We didn’t care if it was watery, too hot or too cold, if we ran out of the good marshmallows. Hot chocolate at the end of the day was a tradition that carried us into our 20s, maybe because it was tasty, but maybe, too, because of the ritual: plugging in the old, silver heater, getting out the packets, carrying the mug to the porch while heat lightning flashed in the distant mountains of eastern Washington.
It’s hard not to love hot chocolate, really. It is sweet, creamy, and comforting, and warms you up after sledding or after the sun has gone down on a summer’s day. But more than that, every sip of hot chocolate I taste now unlocks memories, reminding me of all of the cups of cocoa that have come before. It brings me back to summers in the old cabin on the lake, or sledding in Wisconsin, and even to winter in Paris, where I spent a semester in college.

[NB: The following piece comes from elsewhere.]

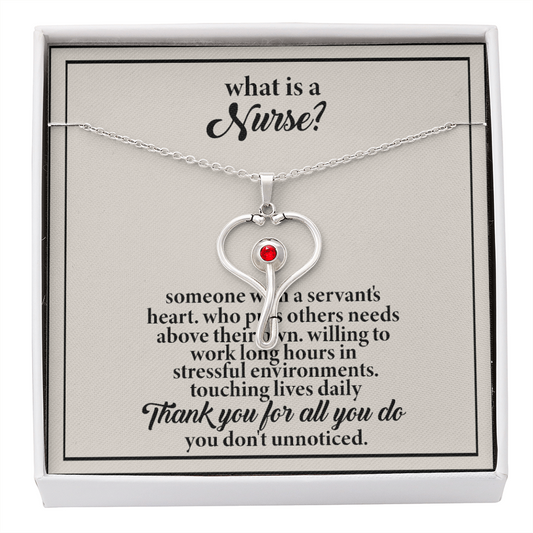 To Nurse - What Is A Nurse Stethoscope Necklace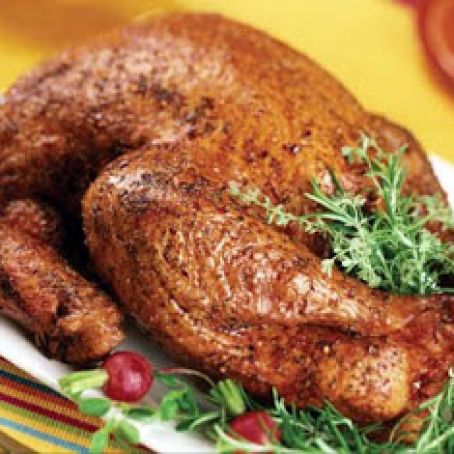 Southern Cajun Belle Deep Fried Turkey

I arrived in Paris in January, when the city was beautiful and cold and gray. In the first few weeks one of my new friends took a group of us to Angelina on Rue Rivoli, an elegant dining room on the right bank of Paris. The thing to get, she said, was the chocolat chaud.
That cocoa was in a different universe than any other I’d had before: dark and thick, smooth and not too sweet, served in a small cup with a big cloud of whipped cream in its own dish on the side. It felt adult and sophisticated but also familiar. I took all my visitors to Angelina for chocolat chaud, excited to share the revelation of French cocoa, and I ordered chocolat chaud in little brasseries all over Paris into the spring.
Back at my small, all-girls dorm, the cooks put out a snack for us every afternoon: a basket of madeleines or shortbread biscuits and tea, coffee, or hot chocolate, and I developed a technique for making a creamy daily mug of hot chocolate: whisking the powder with a splash of milk, heating it, slowly adding more milk and stirring until the powder was finely mixed. I sipped my new hot chocolate at the old wooden tables overlooking Rue Gay Lussac while I conjugated verbs or tried out French conservation with my dorm mates. The ritual became so much a part of my time in Paris that I took one of the yellow packets home, not to use but to keep as a reminder of my life in France.
One late summer night this year, fall chill in the air, I pulled out a fancy tin of sipping chocolate I’d been given as a gift and mixed it up with my old Parisian technique. The sound of the spoon clinking the mug, the sweet chocolatey steam, was a portal to the past. I sipped and remembered.